In order to do the computation, Google splits up the work on hundreds -- and perhaps thousands -- of low-cost PCs running the free Linux operating system, linked together in a parallel and redundant network. The system turns the low-end PCs into a supercomputer at a fraction of the price, Page said.

Page said he plans to use the $25 million to beef up the company's infrastructure and technology. Google plans to more than quadruple its staff from 23 to 100 by years' end, and has been buying PCs for its network in shipments of 80 at a time, though the company wouldn't disclose exactly how many computers it has.

You gotta sell it!
But John Hagen, an analyst with Forrester Research, said all the technology in the world won't generate revenue without good marketing and a business plan.

"Right now there are weak technologies that have great marketing and are making great progress" said Hagen. "The space moves too quickly and at some point, you have to make money."

Hagen said Google is reaping the benefits of the speculative nature of the Internet, which is still in a Wild West stage.

"We're in an unreal world now where the concept can get you $25 million -- where revenues and business plans, you don't need to have those," said Hagen. "But that blip's got to end at some point."

There are a finite number of ways of making money with search engines, Hagen said. You can build a portal around it like Lycos and Yahoo! did and make money with advertising and e-commerce. But Google said they won't do that. Another way is to partner with the portals and be paid for the searches they generate -- that's something Inktomi (Nasdaq:INKT) and Infoseek (Nasdaq:SEEK) do. But Google also indicated that wasn't on the table.

Build it and wait?
A third way to profit is to license the technology to other sites who can tailor it for their own needs, but Hagen doesn't think that would suit Google. The company could also build its technology and wait for a big company like AOL (NYSE:AOL) or Amazon to purchase them. Amazon might even be likely because Amazon vice president Ram Shriram is on the Google board, and Amazon CEO Jeff Bezos is widely rumored to be an investor in Google.

But Hagen doesn't think that the large companies -- especially the portals -- would be interested in buying Google.

"My sense is those guys are more interested in licensing the 'best of brand,' " Hagen said. "If they buy Google they have to develop the technology. They're publishers really -- they're no longer technology companies."

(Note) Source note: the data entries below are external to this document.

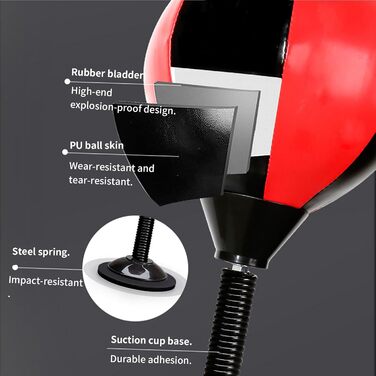 Бокс-груша на присосці надувна для боксу, дітей, дорослих, офісу, студентів, дому - тренажер для рук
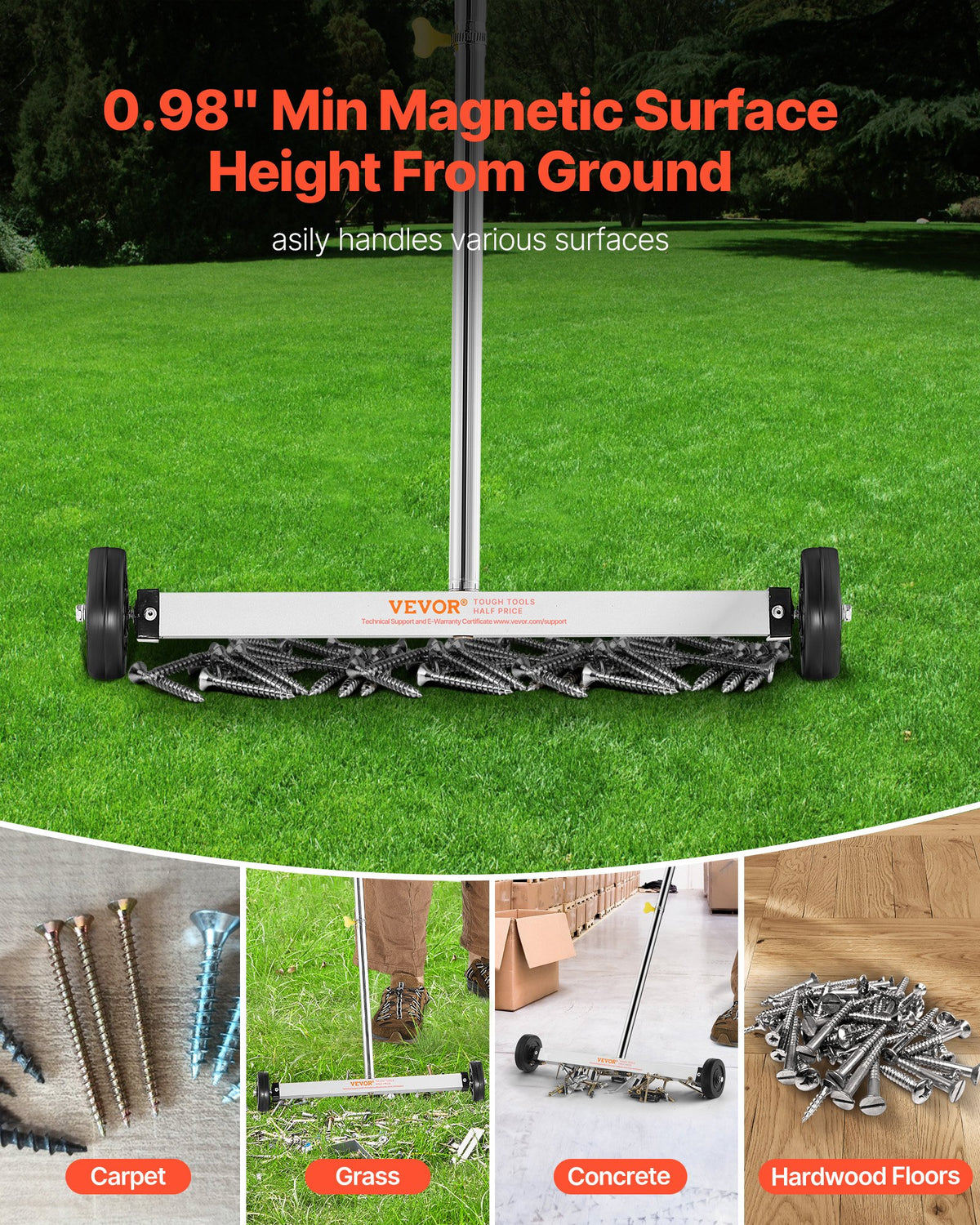 43cm Magnetic Sweeper w/ Wheels Adjustable Handle for Nails & Screws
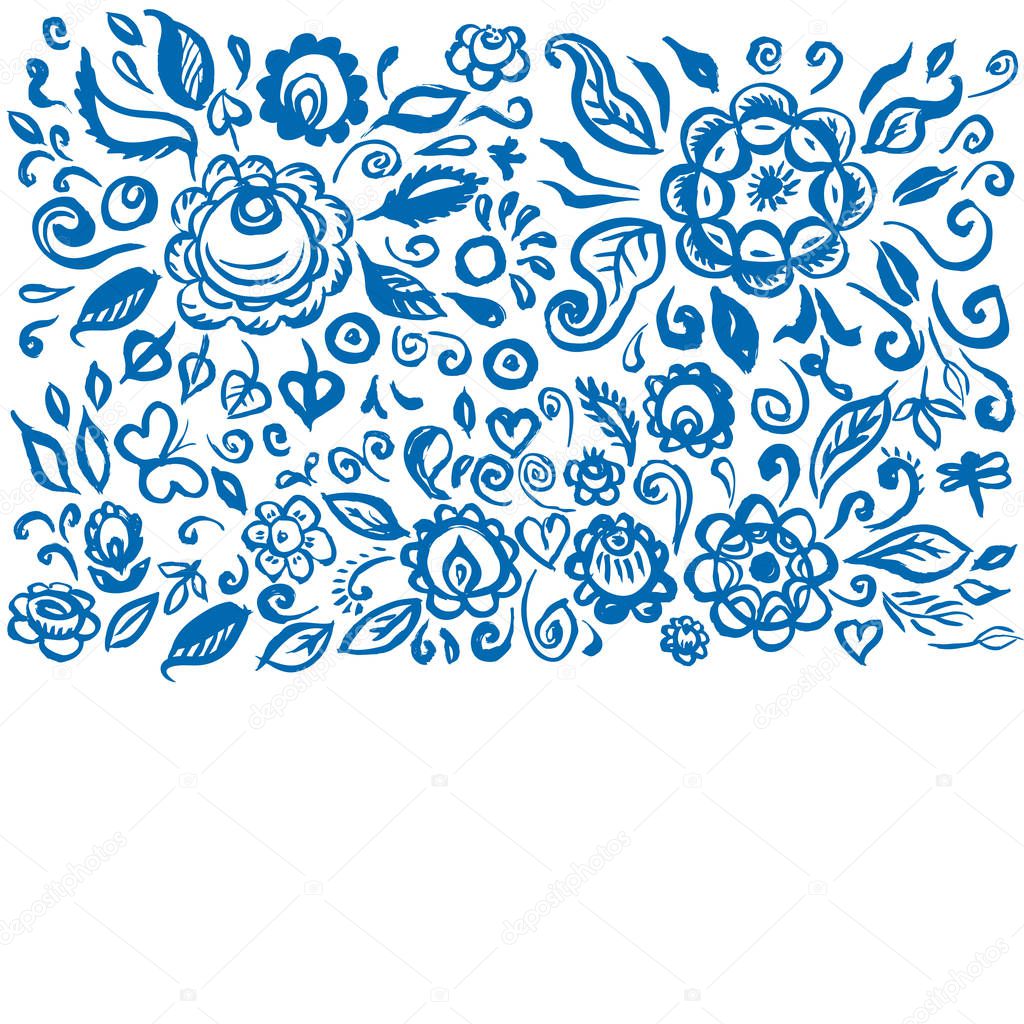 Beautiful card folk art floral ornament on white background Vintage elegant wedding invitation with summer flowers blue isolated on white background. Vector illustration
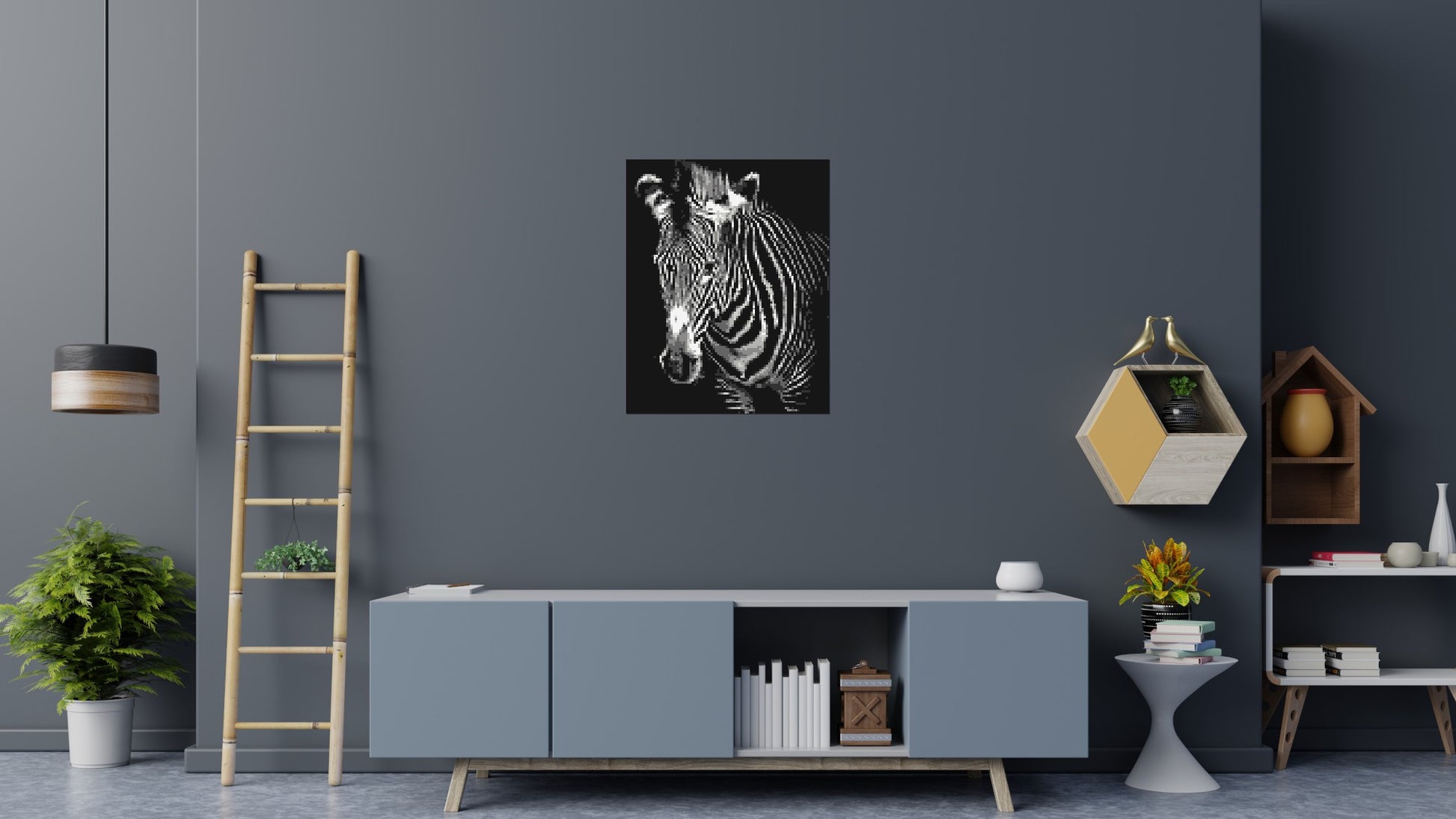 Black & White Zebra - Brick Art Mosaic Kit 4x5 scene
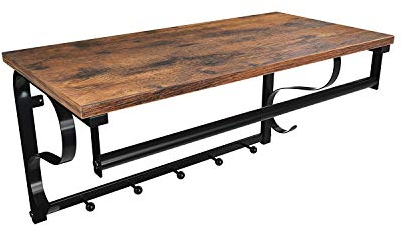 VASAGLE Industrial Wall Mounted Coat Rack with Shelf, 5 Hooks, Hanging Bar, for Hallway, Bathroom, Living Room, Rustic Brown and Black LCR11BX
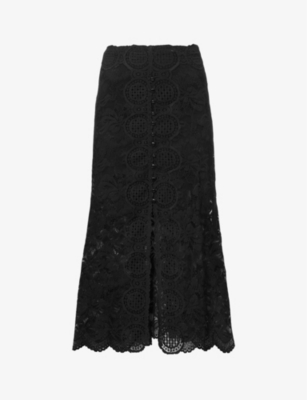 Rabanne Lace-embroidered Midi Skirt In Black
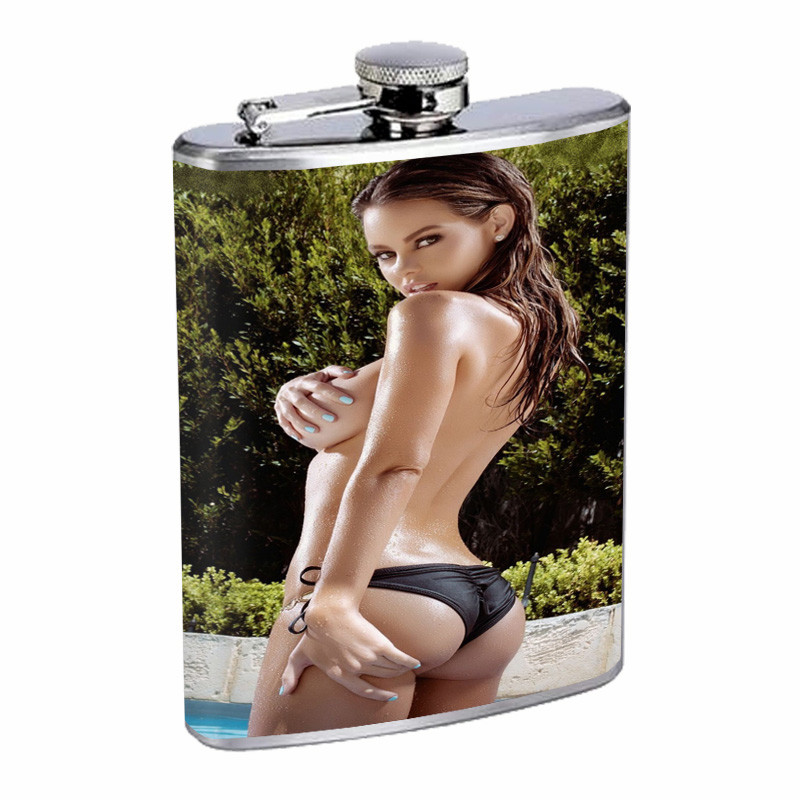 Finland Pin Up Girls D7 Flask 8oz Stainless Steel Hip Drinking Whiskey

But companies that have worked with Google think the company must have something up its sleeve. Red Hat has chosen Google as the browser on its home page and has worked with Google to make a search specifically for Linux-related sites. Red Hat Chief Technology Officer Marc Ewing said he's taking a wait and see approach.

"I don't know exactly how they're going to do it," said Ewing. "They're not idiots over there. They must have some sort of plan. They're just not sharing it."